## TASK ITEM
Set the pictures aside and return each record below precisely as written.

## EXTRACTED INFORMATION

§

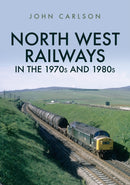 North West Railways in the 1970s and 1980s-9781445687544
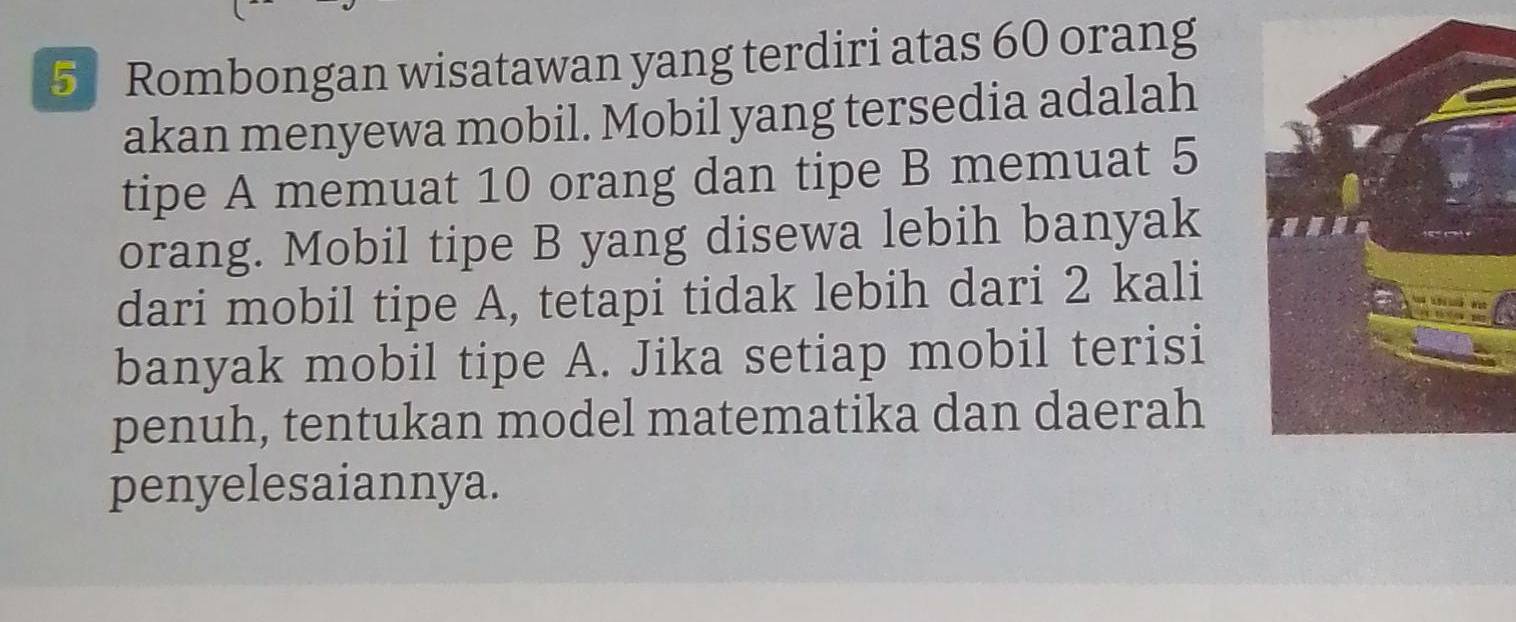 Rombongan wisatawan yang terdiri atas 60 orang 
akan menyewa mobil. Mobil yang tersedia adalah 
tipe A memuat 10 orang dan tipe B memuat 5
orang. Mobil tipe B yang disewa lebih banyak 
dari mobil tipe A, tetapi tidak lebih dari 2 kali 
banyak mobil tipe A. Jika setiap mobil terisi 
penuh, tentukan model matematika dan daerah 
penyelesaiannya.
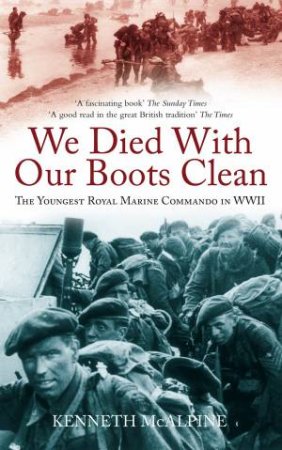 We Died With Our Boots Clean by Kenneth McAlpine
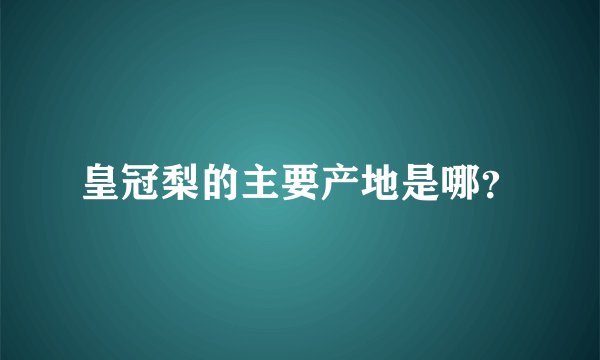 皇冠梨的主要产地是哪？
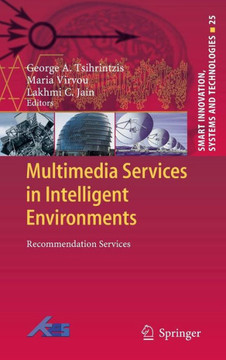 Multimedia Services in Intelligent Environments: Recommendation Services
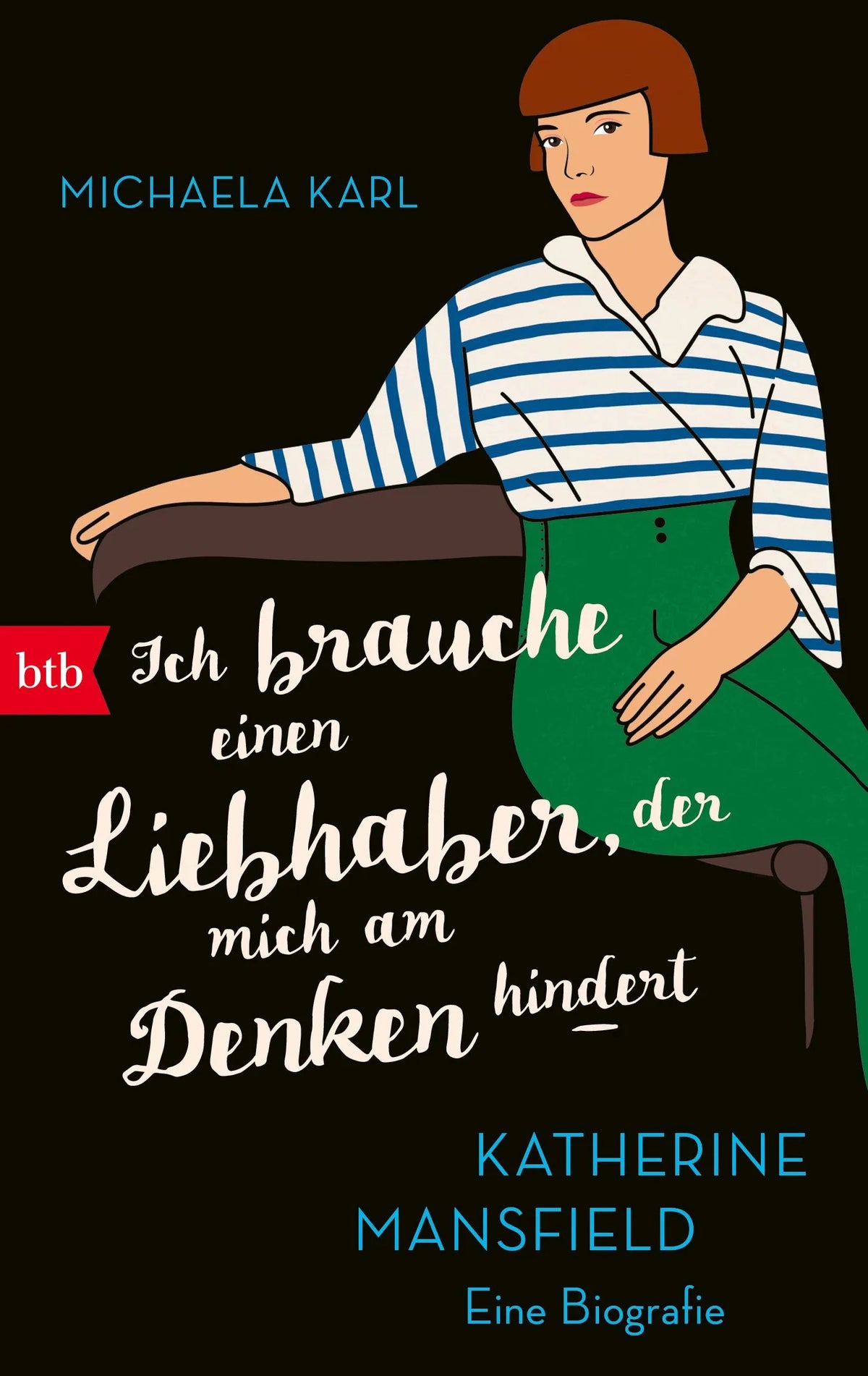 Cover: "Ich brauche einen Liebhaber, der mich am Denken hindert" (Taschenbuch) von Michaela Karl
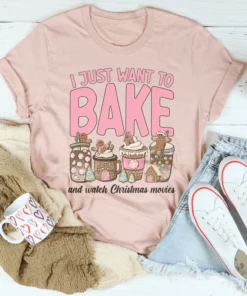 I Just Want To Bake And Watch Christmas Movies Tee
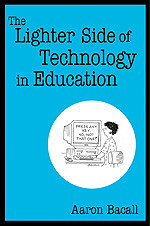 The Lighter Side of Technology in Education by Aaron Bacall, 9780761938033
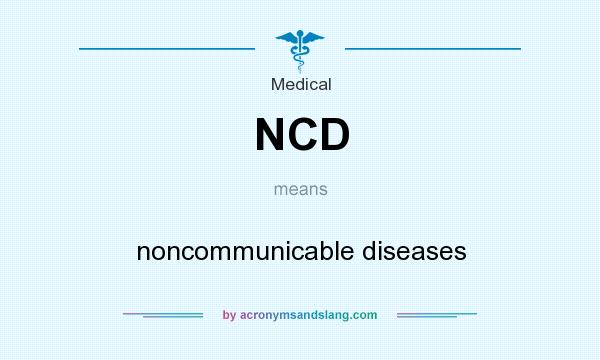 What does NCD mean? It stands for noncommunicable diseases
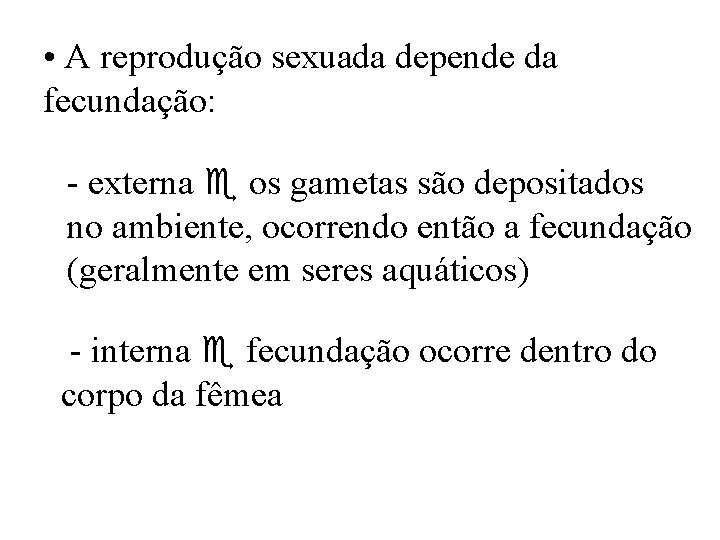  • A reprodução sexuada depende da fecundação: - externa os gametas são depositados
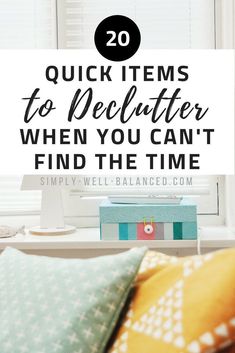 the words 20 quick items to declutter when you can't find the time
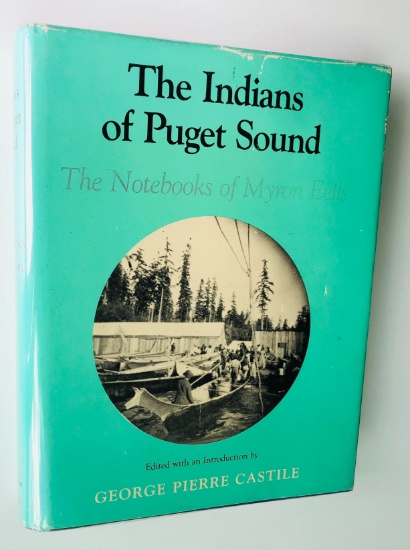 THE INDIANS OF PUGET SOUND: The Notebooks of Myron Eells (1985) SIGNED FIRST EDITION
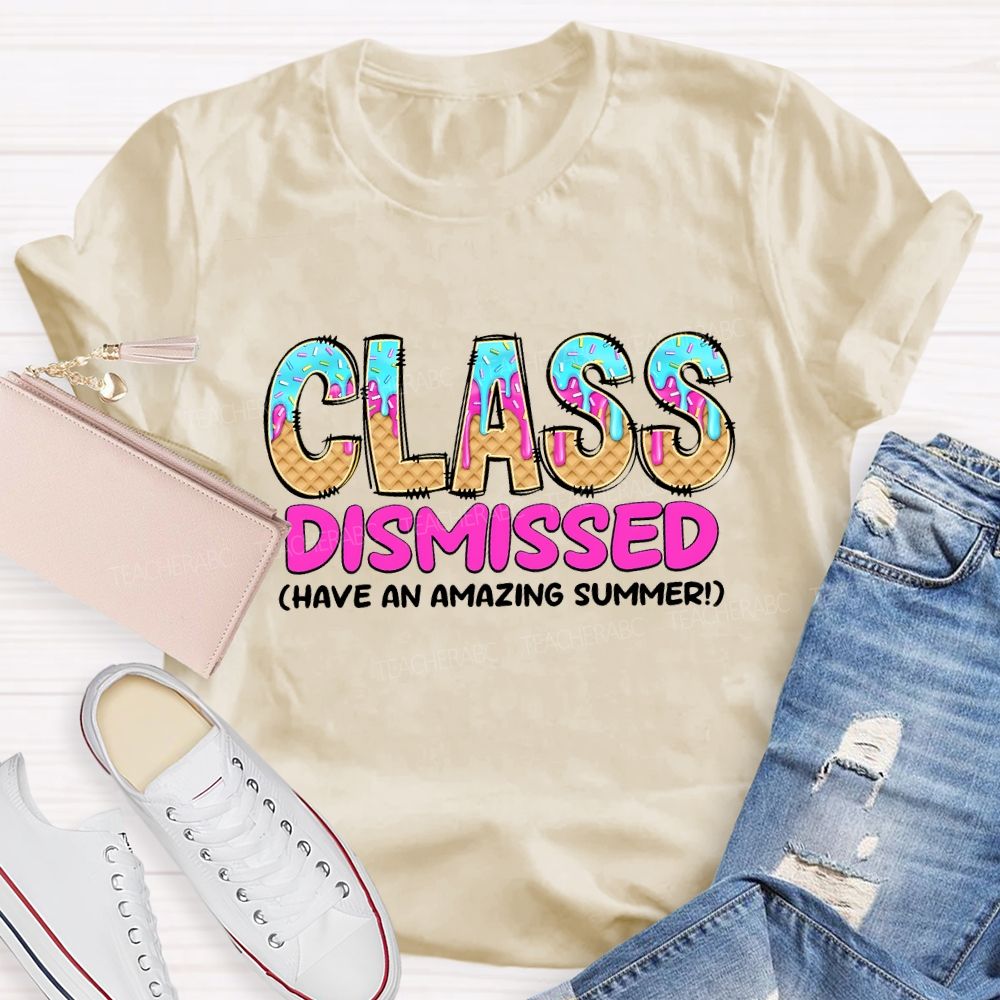 Class Dismissed Have An Amazing Summer Teacher T-shirt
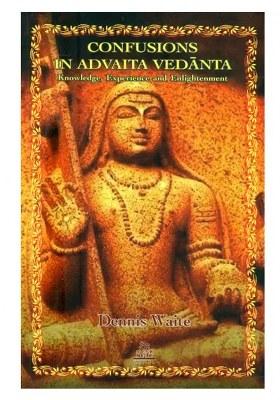 Confusions In Advaita Vedanta- Knowledge, Experience And Enlightenment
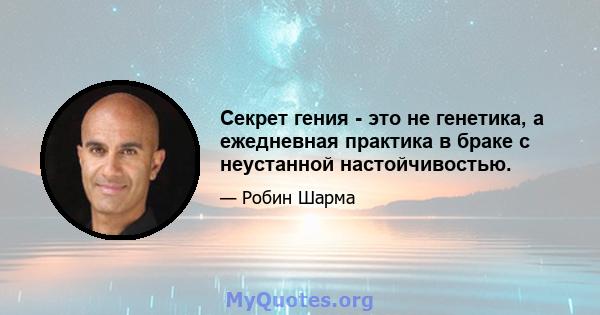 Секрет гения - это не генетика, а ежедневная практика в браке с неустанной настойчивостью.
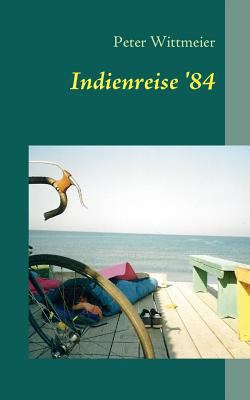 Indienreise '84 [German] 3839141737 Book Cover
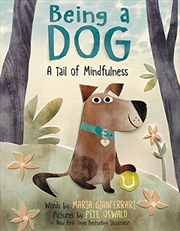 Buy Being a Dog: A Tail of Mindfulness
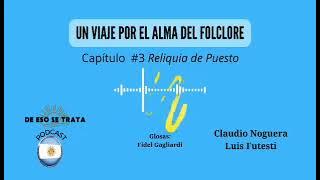 Un viaje por el alma del Folclore. Capítulo # 3 Reliquia de Puesto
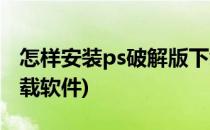 怎样安装ps破解版下载(怎样安装ps破解版下载软件)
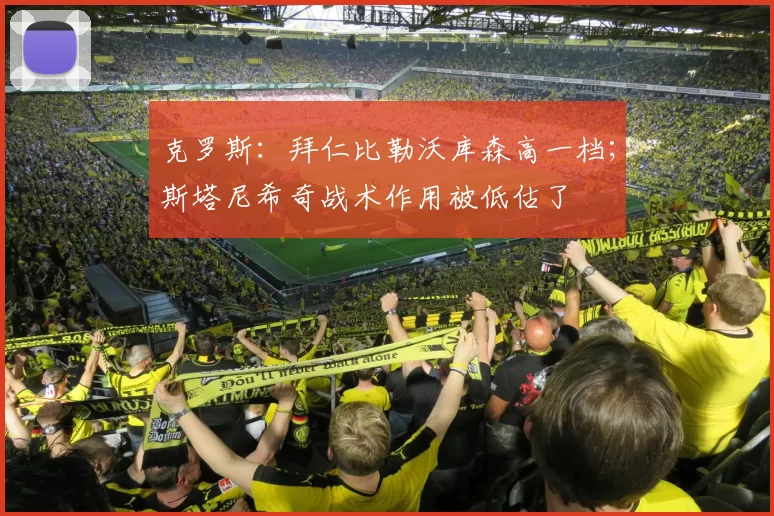 克罗斯：拜仁比勒沃库森高一档；斯塔尼希奇战术作用被低估了
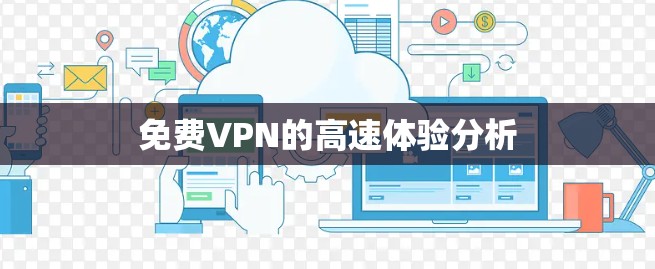 免费VPN的高速体验分析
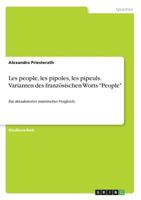 Les people, les pipoles, les pipeuls. Varianten des französischen Worts "People": Ein aktualisierter statistischer Vergleich. 3668681171 Book Cover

§

## REPLY
 North West Railways in the 1970s and 1980s-9781445687544
 Rombongan wisatawan yang terdiri atas 60 orang 
akan menyewa mobil. Mobil yang tersedia adalah 
tipe A memuat 10 orang dan tipe B memuat 5
orang. Mobil tipe B yang disewa lebih banyak 
dari mobil tipe A, tetapi tidak lebih dari 2 kali 
banyak mobil tipe A. Jika setiap mobil terisi 
penuh, tentukan model matematika dan daerah 
penyelesaiannya.
 We Died With Our Boots Clean by Kenneth McAlpine
 皇冠梨的主要产地是哪？
 Multimedia Services in Intelligent Environments: Recommendation Services
 Cover: "Ich brauche einen Liebhaber, der mich am Denken hindert" (Taschenbuch) von Michaela Karl
 I Just Want To Bake And Watch Christmas Movies Tee
 The Lighter Side of Technology in Education by Aaron Bacall, 9780761938033
 What does NCD mean? It stands for noncommunicable diseases
  • A reprodução sexuada depende da fecundação: - externa os gametas são depositados
 the words 20 quick items to declutter when you can't find the time
 THE INDIANS OF PUGET SOUND: The Notebooks of Myron Eells (1985) SIGNED FIRST EDITION
 Class Dismissed Have An Amazing Summer Teacher T-shirt
 Confusions In Advaita Vedanta- Knowledge, Experience And Enlightenment
 Секрет гения - это не генетика, а ежедневная практика в браке с неустанной настойчивостью.
 Indienreise '84 [German] 3839141737 Book Cover
 Buy Being a Dog: A Tail of Mindfulness
 Un viaje por el alma del Folclore. Capítulo # 3 Reliquia de Puesto
 怎样安装ps破解版下载(怎样安装ps破解版下载软件)
 克罗斯：拜仁比勒沃库森高一档；斯塔尼希奇战术作用被低估了
 免费VPN的高速体验分析
 Les people, les pipoles, les pipeuls. Varianten des französischen Worts "People": Ein aktualisierter statistischer Vergleich. 3668681171 Book Cover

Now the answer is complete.